**Brief**
The listing below is to be copied exactly, with pictures excluded.

**Dataset section**
______
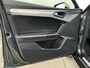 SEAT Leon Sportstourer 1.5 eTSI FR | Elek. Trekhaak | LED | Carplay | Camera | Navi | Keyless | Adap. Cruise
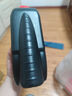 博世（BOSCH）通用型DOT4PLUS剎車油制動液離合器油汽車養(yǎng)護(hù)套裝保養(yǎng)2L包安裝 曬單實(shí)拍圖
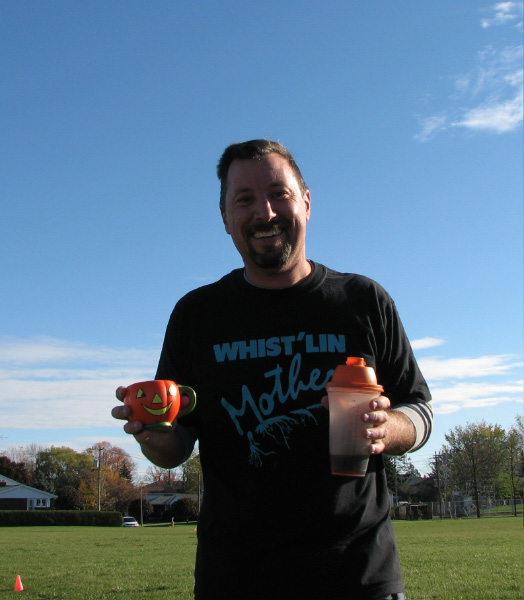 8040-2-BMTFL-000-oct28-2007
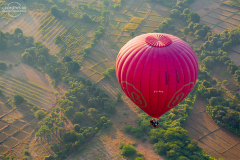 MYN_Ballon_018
______
**Output of the task**
 SEAT Leon Sportstourer 1.5 eTSI FR | Elek. Trekhaak | LED | Carplay | Camera | Navi | Keyless | Adap. Cruise
 博世（BOSCH）通用型DOT4PLUS剎車油制動液離合器油汽車養(yǎng)護(hù)套裝保養(yǎng)2L包安裝 曬單實(shí)拍圖
 8040-2-BMTFL-000-oct28-2007
 MYN_Ballon_018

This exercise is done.